The Gestapo arrested Koscielniak in 1941 for a political painting he did and he was sent to Auschwitz. But owing to his talent, he was assigned work useful to the Nazis: He would evaluate paintings confiscated from Poles, paint portraits of SS officers and design posters.

Using art materials supplied for his work, Koscielniak secretly documented the reality of the camp — slave labor, torture and death.

The drawings, smuggled out of the camp with help from underground organizations, depict prisoners tortured by SS troops. Some portray one of the artist’s contemporaries at the camp, Saint Maximilian Kolbe, a priest inmate who volunteered his life in place of a stranger’s.

Also in the collection are sketches of U.S. Army Gen. Dwight Eisenhower and Gen. George Patton, whose troops Koscielniak joined upon liberation.

Initially, Nomura thought Japan — and her home — “might not be the right place” for storing works of such a high historical value, but she decided to take care of them anyway.

Money she earned working as a family court mediator helped her maintain the works, but managing them turned out to be very costly.

“My friends tell me how different my life would have (been) if I hadn’t spent all my time and money on taking care of the works,” she said, recalling that the costs of renting suitable storage facilities exceeded the rent on her home.

In all, her costs totaled nearly ¥10 million over the years, she said.

“Giving up (Koscielniak’s works) is like losing a son who cost me a lot of effort throughout all these years,” she said with sadness.

Polish Ambassador Cyryl Kozaczewski said he was surprised to hear that Koscielniak’s artworks were in Japan and appreciated that Nomura wanted to donate them. Preparations for their return are now under way.

He said he hopes sending the artworks to Poland will help people in both countries become more interested in the history of the Holocaust.

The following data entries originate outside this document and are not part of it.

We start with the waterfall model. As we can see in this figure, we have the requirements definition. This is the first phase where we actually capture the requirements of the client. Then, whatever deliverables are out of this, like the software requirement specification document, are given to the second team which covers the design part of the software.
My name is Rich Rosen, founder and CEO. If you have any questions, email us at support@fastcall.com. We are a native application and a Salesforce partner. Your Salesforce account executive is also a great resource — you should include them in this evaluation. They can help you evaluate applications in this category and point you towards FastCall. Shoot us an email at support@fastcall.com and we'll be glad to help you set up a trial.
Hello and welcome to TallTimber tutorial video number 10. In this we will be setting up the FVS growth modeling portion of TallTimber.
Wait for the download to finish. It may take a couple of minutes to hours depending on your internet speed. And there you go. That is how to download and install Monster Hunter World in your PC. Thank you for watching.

“The donation would have a symbolic meaning for relations between Poland and Japan,” he said, adding that he hopes the pieces will be shown to a larger audience in future, both in Japan and worldwide, along with other works by Koscielniak.

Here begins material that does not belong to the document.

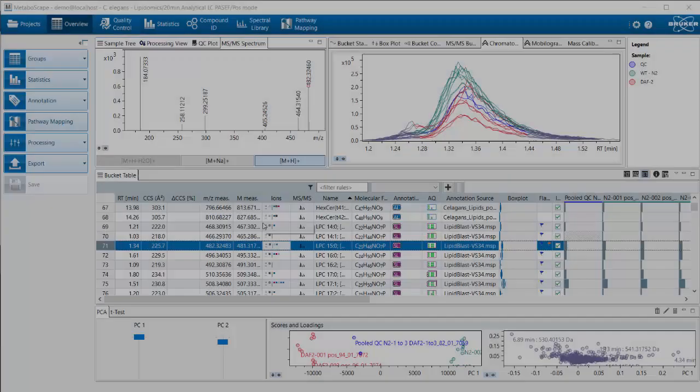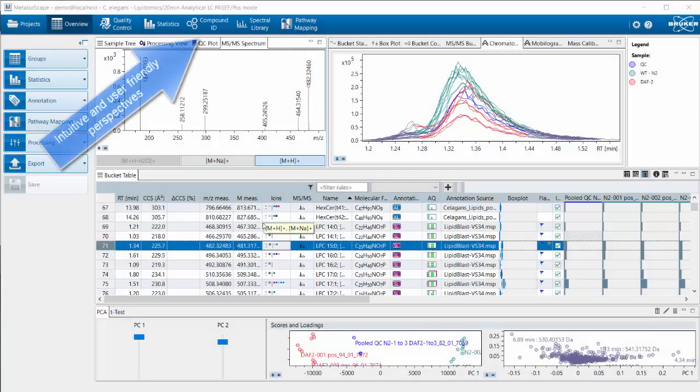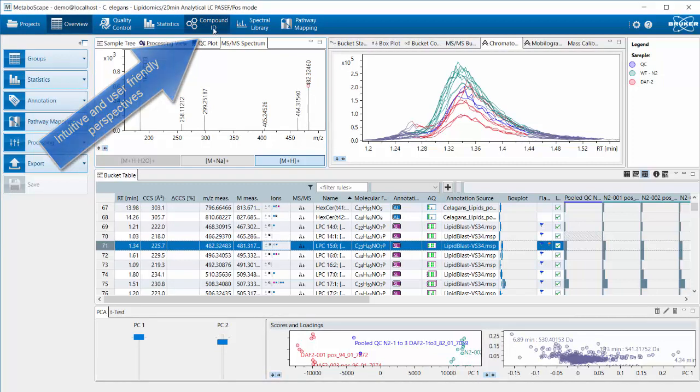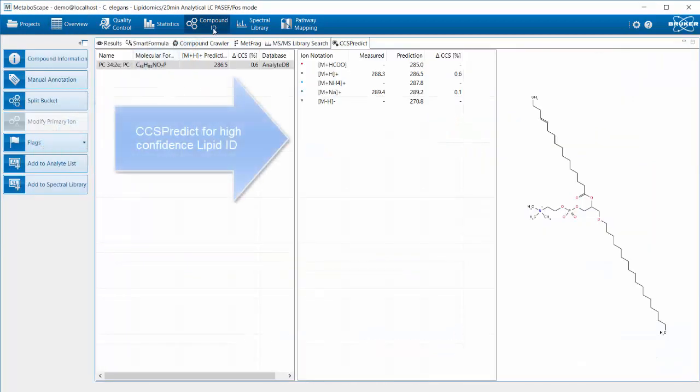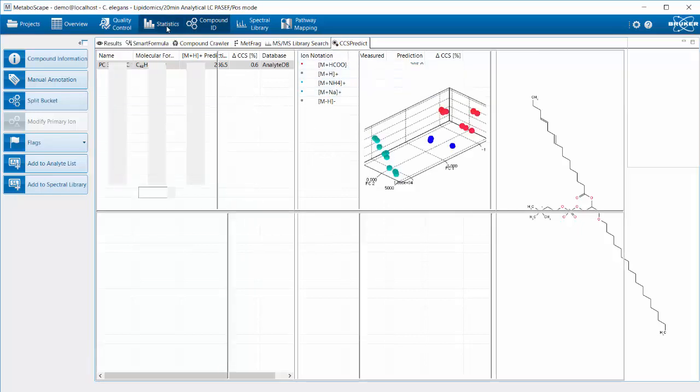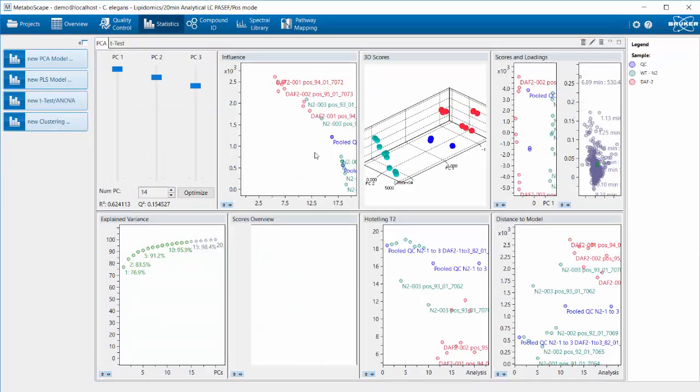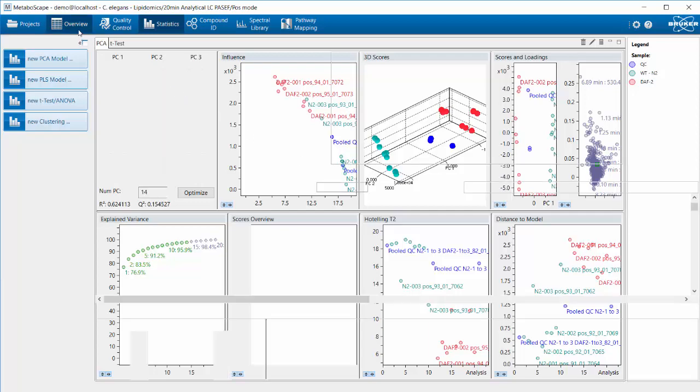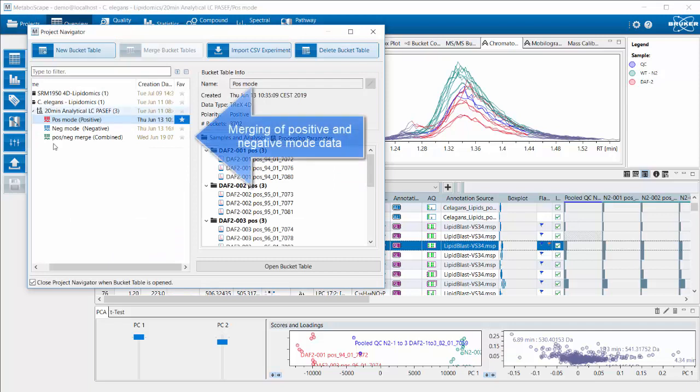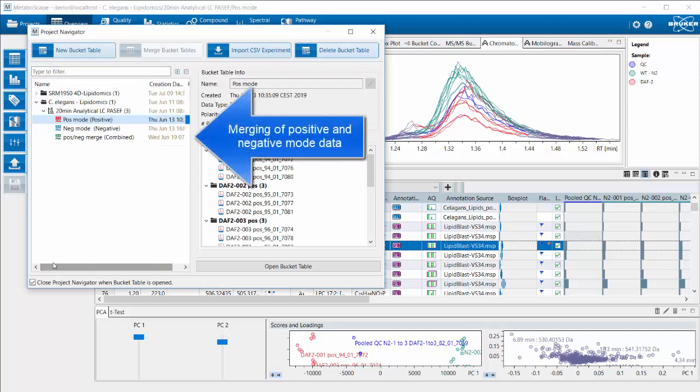Let's have a look at the software and the user interface. You see here at the top we have different perspectives that we can select, including the Compound ID perspective featuring CCS Predict for high-confidence lipid ID. Different statistical plots are supported, and in the overview perspective, a centerpiece with the bucket table.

Nomura has now owned the works for two decades. During that time, she has organized exhibitions and lectures to spread understanding about the Holocaust’s victims.

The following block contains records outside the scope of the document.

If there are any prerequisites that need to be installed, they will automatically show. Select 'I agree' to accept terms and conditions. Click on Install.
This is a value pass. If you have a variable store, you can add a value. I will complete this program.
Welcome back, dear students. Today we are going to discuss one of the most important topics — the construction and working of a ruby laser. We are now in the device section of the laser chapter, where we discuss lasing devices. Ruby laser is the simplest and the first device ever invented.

She has also written about and exhibited the works of Komski, a survivor of five concentration camps who after the war settled in the United States. Until their deaths she maintained a correspondence with Komski and Koscielniak’s widows.

“I’ve felt obliged to speak on behalf of those who are not able to do so,” she said.

Although she will return the artworks to Poland, Nomura plans to continue conveying the horrors of war to the younger generation.

She says many young Japanese know little about the Holocaust.

“They don’t know the cruelty, or they think only Jews were murdered,” she said. “They need to hear us explain why (it occurred). We all should know the truth.”